[Collected data entries]
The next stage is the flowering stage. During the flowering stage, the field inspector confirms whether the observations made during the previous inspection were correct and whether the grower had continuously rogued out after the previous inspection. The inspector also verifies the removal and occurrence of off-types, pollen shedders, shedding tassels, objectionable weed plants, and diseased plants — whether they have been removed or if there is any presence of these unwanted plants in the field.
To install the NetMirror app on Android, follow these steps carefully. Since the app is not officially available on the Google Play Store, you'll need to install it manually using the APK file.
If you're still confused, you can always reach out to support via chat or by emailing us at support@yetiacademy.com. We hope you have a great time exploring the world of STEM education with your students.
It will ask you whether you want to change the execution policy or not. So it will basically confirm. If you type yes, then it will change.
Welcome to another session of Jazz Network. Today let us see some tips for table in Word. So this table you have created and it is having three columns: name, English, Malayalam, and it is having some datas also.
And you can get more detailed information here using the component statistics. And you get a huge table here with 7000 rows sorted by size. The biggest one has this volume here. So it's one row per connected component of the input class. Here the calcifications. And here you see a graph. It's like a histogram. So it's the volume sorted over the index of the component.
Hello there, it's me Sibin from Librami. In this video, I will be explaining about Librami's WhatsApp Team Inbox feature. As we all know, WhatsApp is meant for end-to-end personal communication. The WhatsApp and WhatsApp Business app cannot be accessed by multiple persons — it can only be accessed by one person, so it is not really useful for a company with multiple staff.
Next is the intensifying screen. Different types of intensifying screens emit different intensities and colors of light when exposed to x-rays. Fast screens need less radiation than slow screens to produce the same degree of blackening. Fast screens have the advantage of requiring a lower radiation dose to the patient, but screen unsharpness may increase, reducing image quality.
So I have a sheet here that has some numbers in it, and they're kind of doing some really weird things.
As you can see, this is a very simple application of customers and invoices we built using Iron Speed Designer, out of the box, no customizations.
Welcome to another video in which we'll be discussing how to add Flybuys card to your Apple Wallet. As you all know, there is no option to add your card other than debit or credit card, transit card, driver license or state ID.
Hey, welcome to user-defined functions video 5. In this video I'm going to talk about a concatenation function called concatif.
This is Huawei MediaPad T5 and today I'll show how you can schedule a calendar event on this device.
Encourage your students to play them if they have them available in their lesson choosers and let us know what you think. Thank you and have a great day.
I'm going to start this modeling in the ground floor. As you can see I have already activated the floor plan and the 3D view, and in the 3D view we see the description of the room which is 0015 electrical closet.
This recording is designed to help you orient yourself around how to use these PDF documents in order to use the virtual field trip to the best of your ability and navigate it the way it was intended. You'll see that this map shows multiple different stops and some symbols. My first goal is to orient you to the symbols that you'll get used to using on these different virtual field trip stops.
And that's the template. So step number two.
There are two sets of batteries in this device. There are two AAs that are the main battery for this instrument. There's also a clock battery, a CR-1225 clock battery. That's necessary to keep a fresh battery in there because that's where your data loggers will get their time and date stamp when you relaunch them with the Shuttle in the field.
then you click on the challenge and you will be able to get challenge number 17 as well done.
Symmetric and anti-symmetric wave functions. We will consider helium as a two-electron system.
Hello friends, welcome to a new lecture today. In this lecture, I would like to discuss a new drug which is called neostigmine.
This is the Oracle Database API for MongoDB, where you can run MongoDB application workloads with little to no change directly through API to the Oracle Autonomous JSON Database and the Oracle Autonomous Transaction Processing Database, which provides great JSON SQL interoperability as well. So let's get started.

*What the task requires*:
Your task is to retype the entries verbatim, starting with the line that holds "Hey, welcome to" and stopping after the line that holds "I'm going to start".

*Task response*:
Hey, welcome to user-defined functions video 5. In this video I'm going to talk about a concatenation function called concatif.
This is Huawei MediaPad T5 and today I'll show how you can schedule a calendar event on this device.
Encourage your students to play them if they have them available in their lesson choosers and let us know what you think. Thank you and have a great day.
I'm going to start this modeling in the ground floor. As you can see I have already activated the floor plan and the 3D view, and in the 3D view we see the description of the room which is 0015 electrical closet.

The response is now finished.